World Bank’s latest estimates on global poverty estimates that the rate of decline of poverty in India was faster between 1981 and 1990 than between 1990 and 2005. This is likely to give fresh ammunition to those who maintain that economic reforms, which started in 1991, have failed to reduce poverty at a faster rate.
According to the new estimates, India had 456 million people or about 42% of the population living below the new international poverty line of earning income less than $1.25 per day. The number of Indian poor constitutes 33% of the global poor, which is pegged at 1.4 billion people.
There are 828 million people, or 75.6% of the Indian population living below earning of $2 a day. Even Sub-Saharan Africa, considered the world’s poorest region, is better than India. It has 72.2% of its population (551m) people below the earning of $2 a day level.
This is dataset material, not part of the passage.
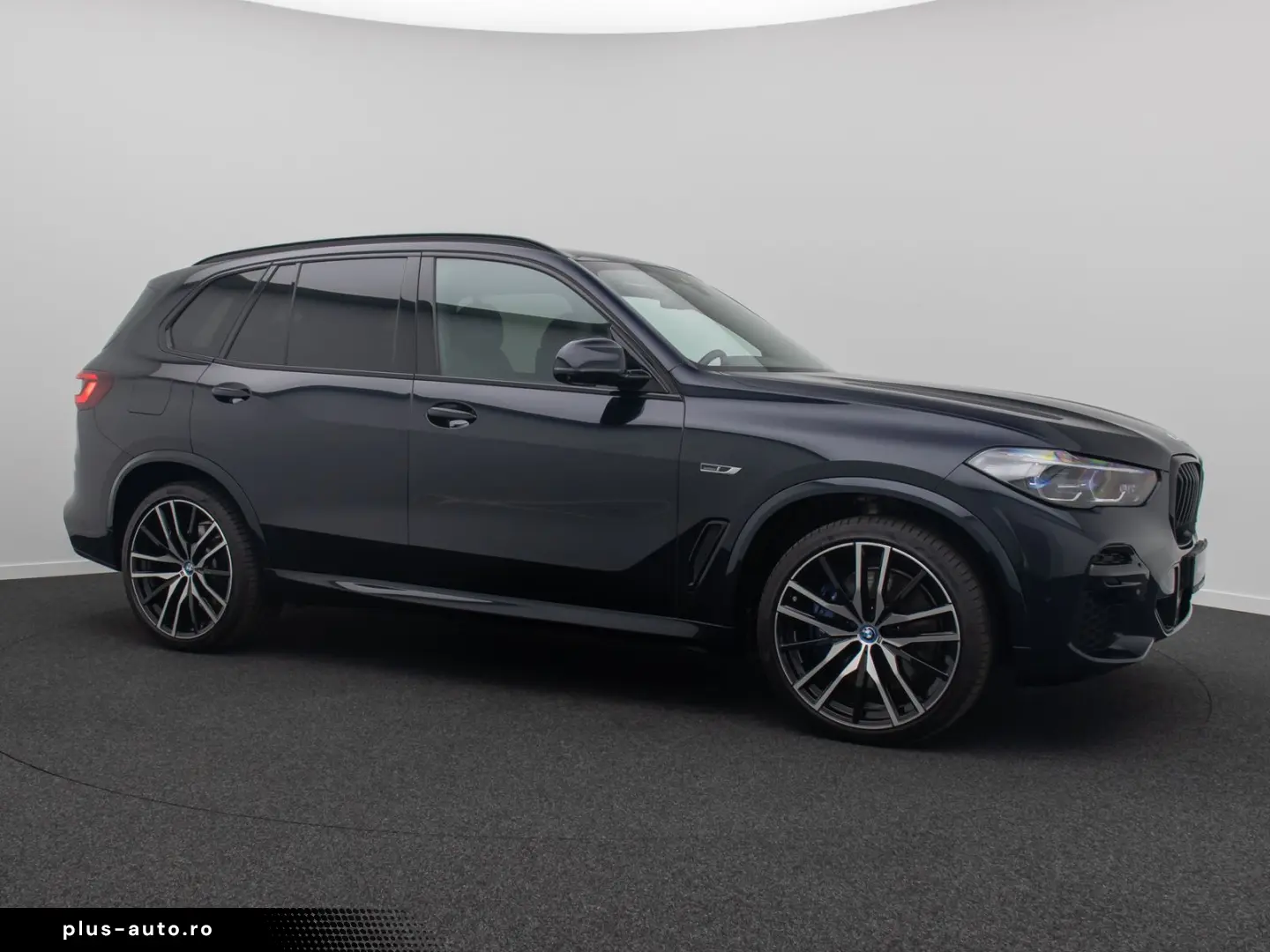 BMW X5 xD45e M Sport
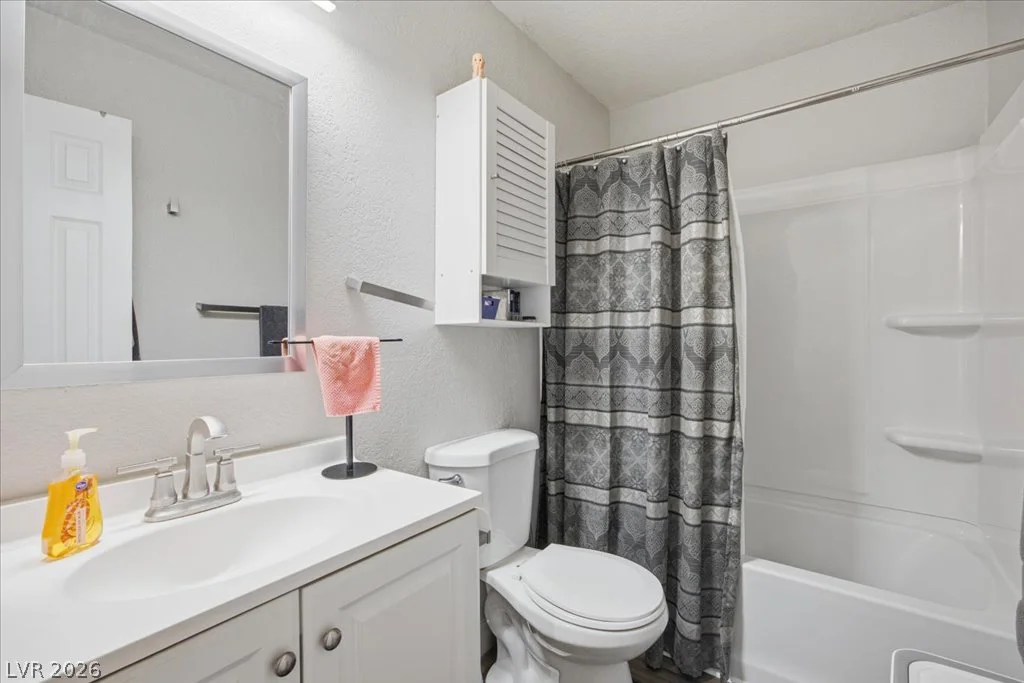 5099 Eldora, Las Vegas, NV 89146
The estimates are based on recently recalculated purchasing power parity (PPP) exchange rates, which make comparisons across countries possible. The dollar exchange rates being referred as the criteria.
The full report has not yet been released, however, a briefing note sent by the Bank had some of the data and showed that the poverty rate, those below earning $1.25 per day, for India had come down from 59.8% in 1981 to 51.3% by 1990 , 8.5 percentage points over nine years. Between 1990 and 2005, it declined to 41.6%, a drop of 9.7 percentage points over 15 years. This clearly shows a much slower rate of decline.
According to the estimates, more than four out of 10 Indians live below what the world’s poorest countries consider the poverty line. The new estimates are sobering not just for India but for the developing world as a whole, as they reveal higher levels of poverty than earlier estimated.
In fact, East Asia is the region that has recorded the sharpest reductions in poverty from about 79% of the population in 1981 to 18% in 2005. Contrary to that, Eastern Europe and Central Asia has seen poverty rates go up from 1.6% to 5%. What is noticeable in this region is the decline in poverty till 1987, when it was down to just 1% of the population, and the sharp rise subsequently.
The Bank also makes the point that while raising people above the poverty line is a relatively achievable task. It also believes poverty levels in 1990 can be halved by 2015, although, it is proving very difficult to raise them above the earning $2 per day mark.